Caption-style text data:
****************

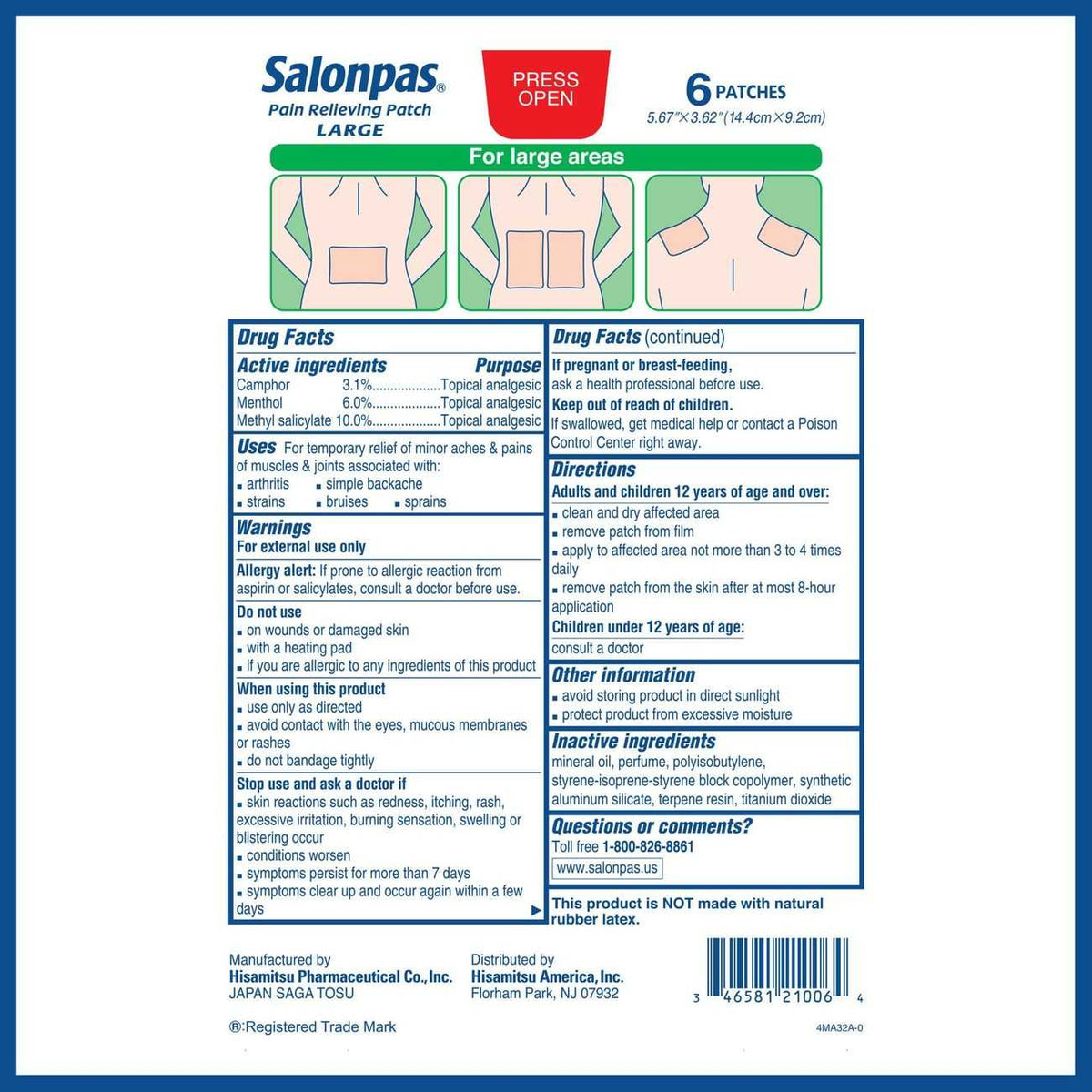 Salonpas Pain Relieving Patch Large 6 Count
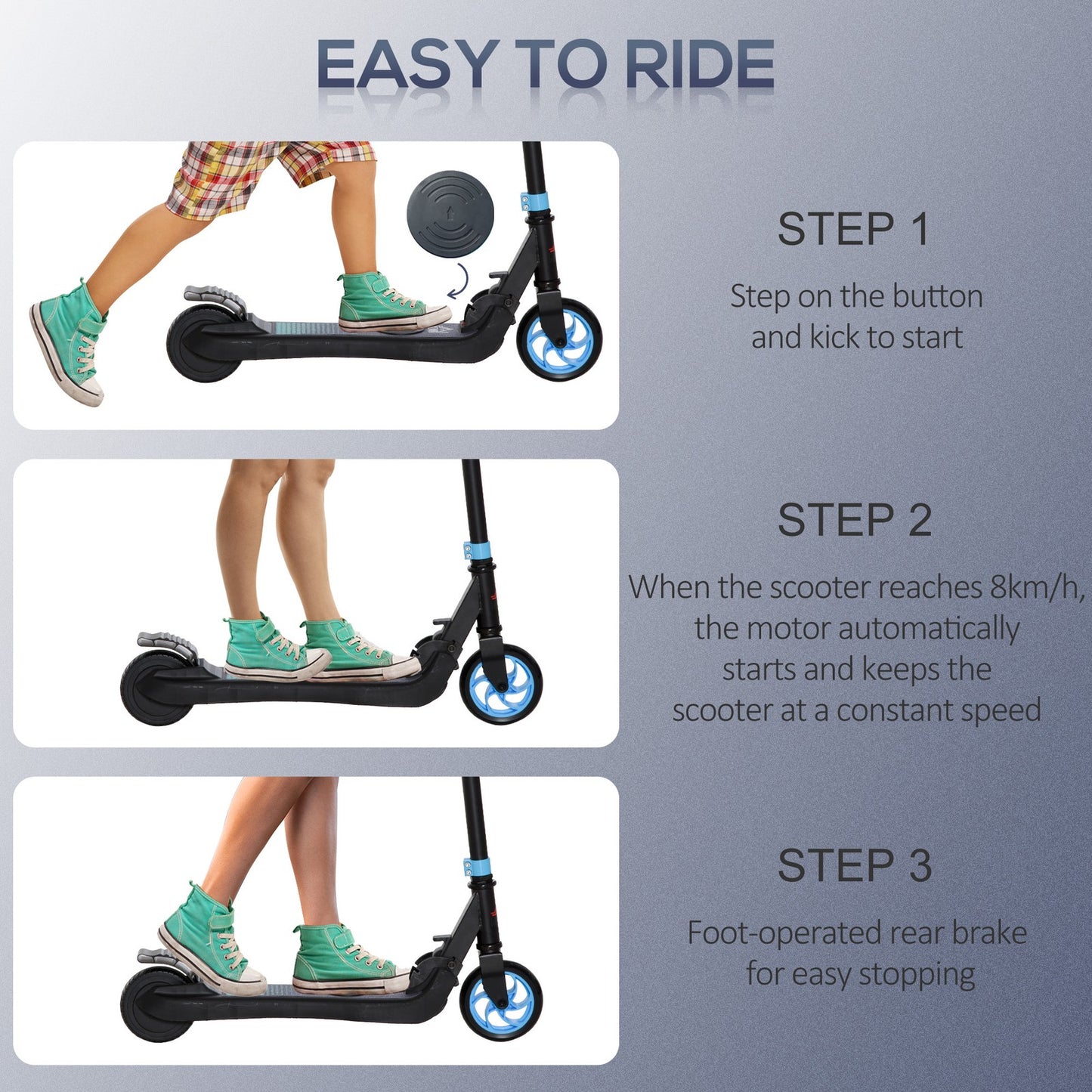 HOMCOM Folding Electric Scooter with Rear Wheel Brake, Sky Blue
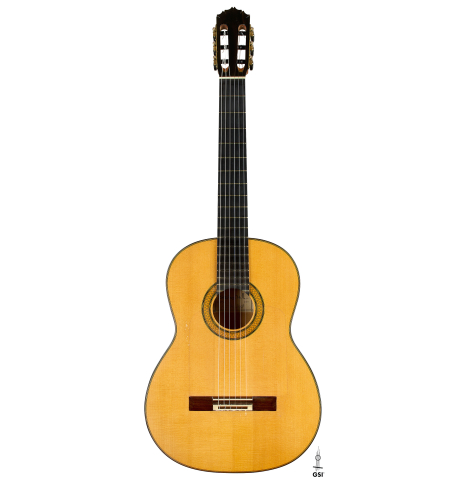 The front of a 2017 Stephen Hill "2a Blanca" flamenco guitar made of spruce and cypress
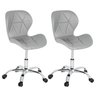 10 kit 2 cadeiras escritorio slim vegas base giratoria estofada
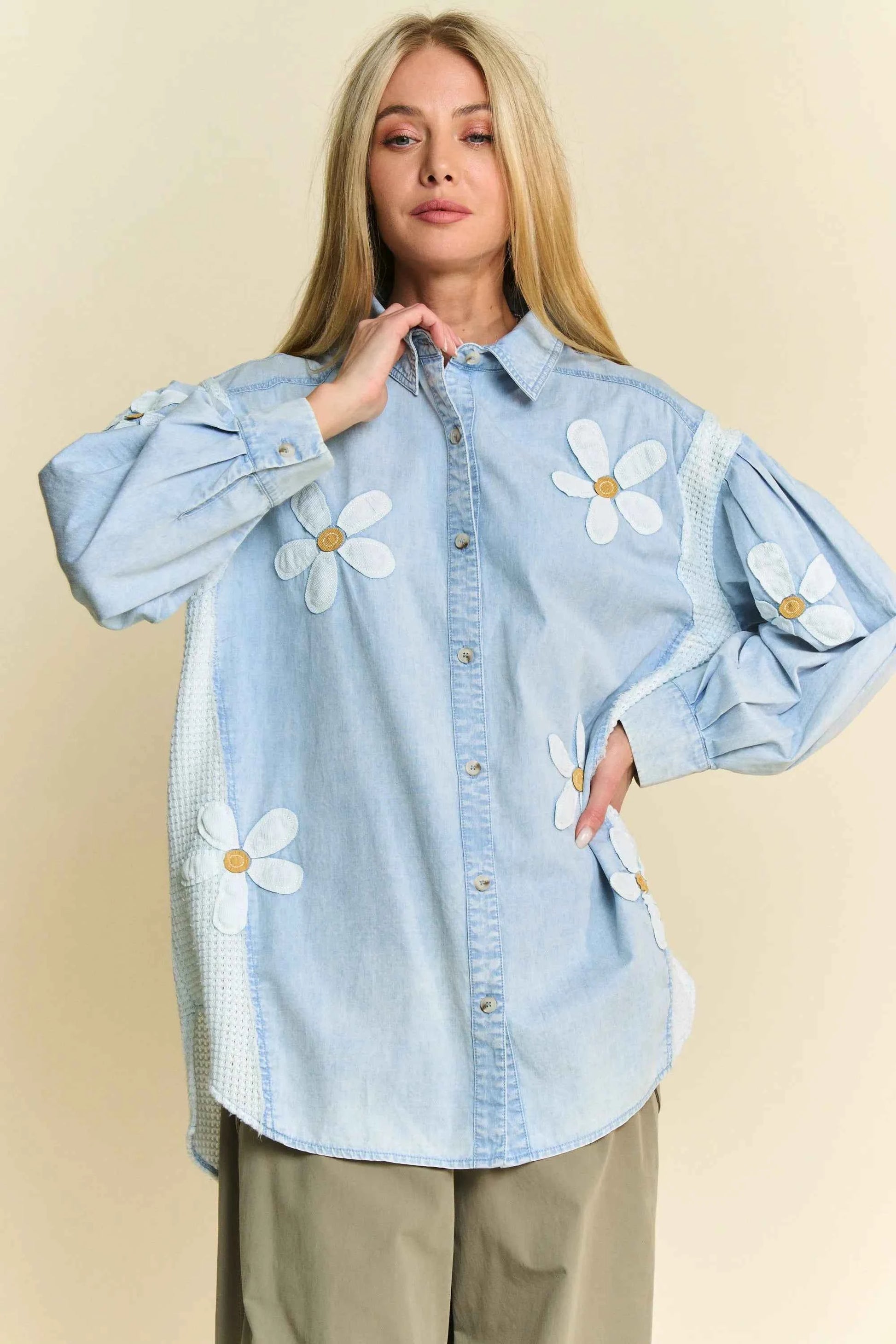 Davi & Dani Lightweight Washed Daisy Patch Waffle Knit Shirt 9d4dd33012c4431bbc950c95d9a871b7-Max-Origin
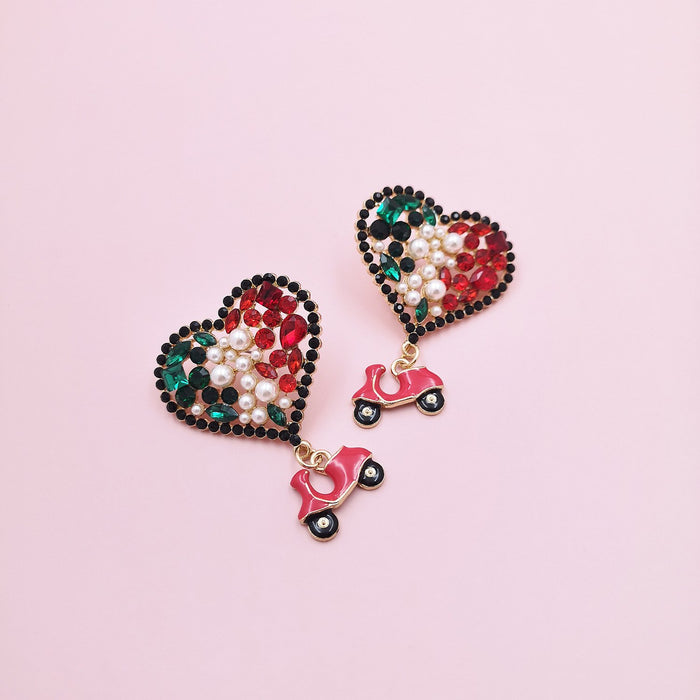 Fashionable and versatile personalized heart-shaped Earrings accessories Inlaid Rhinestone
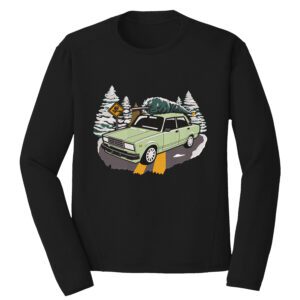 Car in Snow Embroidery Design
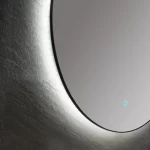 Side view of backlit mirror with aluminum frame and ambient lighting glow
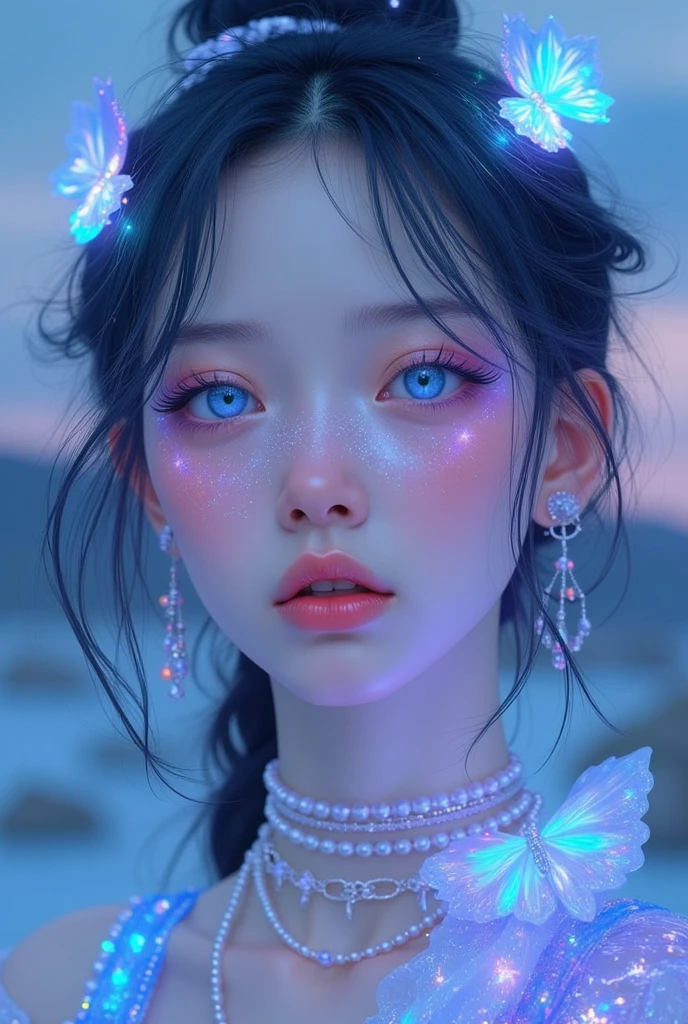 porland girl, white skin, round eyes, sagging eyes, blue eyes,make up , a fantasy-inspired scene , adorned in an ethereal,  shimmer like stars against the backdrop of twilight.  shiny  glittering particles on face , bright  ,creative fashion , emitter,  mesmerizing effects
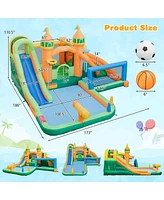 Gymax Kids Inflatable Water Slide Park w/ Splash Pools Wet Dry Combo Blower Excluded
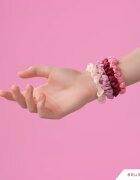 BrushArt Gift for You Slim satin scrunchie set elastike za lase Pink & Red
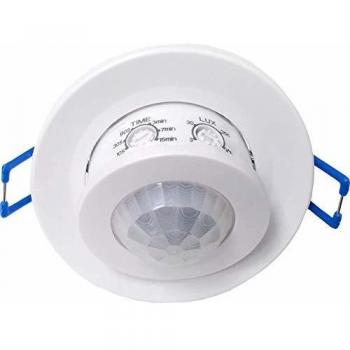 Garza Power - Detector de Movimiento Infrarrojos Empotrable de Techo, Ángulo de Detección 360º, color Blanco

****************

• What is needed
Extract, verbatim and alone, the lines from the line that contains "HOMCOM Folding Electric" to the last line of the records, inclusive; drop any picture.

• Output for this exercise
 HOMCOM Folding Electric Scooter with Rear Wheel Brake, Sky Blue
 The front of a 2017 Stephen Hill "2a Blanca" flamenco guitar made of spruce and cypress
 10 kit 2 cadeiras escritorio slim vegas base giratoria estofada
 Davi & Dani Lightweight Washed Daisy Patch Waffle Knit Shirt 9d4dd33012c4431bbc950c95d9a871b7-Max-Origin
 Fashionable and versatile personalized heart-shaped Earrings accessories Inlaid Rhinestone
 Car in Snow Embroidery Design
 Side view of backlit mirror with aluminum frame and ambient lighting glow
 porland girl, white skin, round eyes, sagging eyes, blue eyes,make up , a fantasy-inspired scene , adorned in an ethereal,  shimmer like stars against the backdrop of twilight.  shiny  glittering particles on face , bright  ,creative fashion , emitter,  mesmerizing effects
 Gymax Kids Inflatable Water Slide Park w/ Splash Pools Wet Dry Combo Blower Excluded
 BrushArt Gift for You Slim satin scrunchie set elastike za lase Pink & Red
 Garza Power - Detector de Movimiento Infrarrojos Empotrable de Techo, Ángulo de Detección 360º, color Blanco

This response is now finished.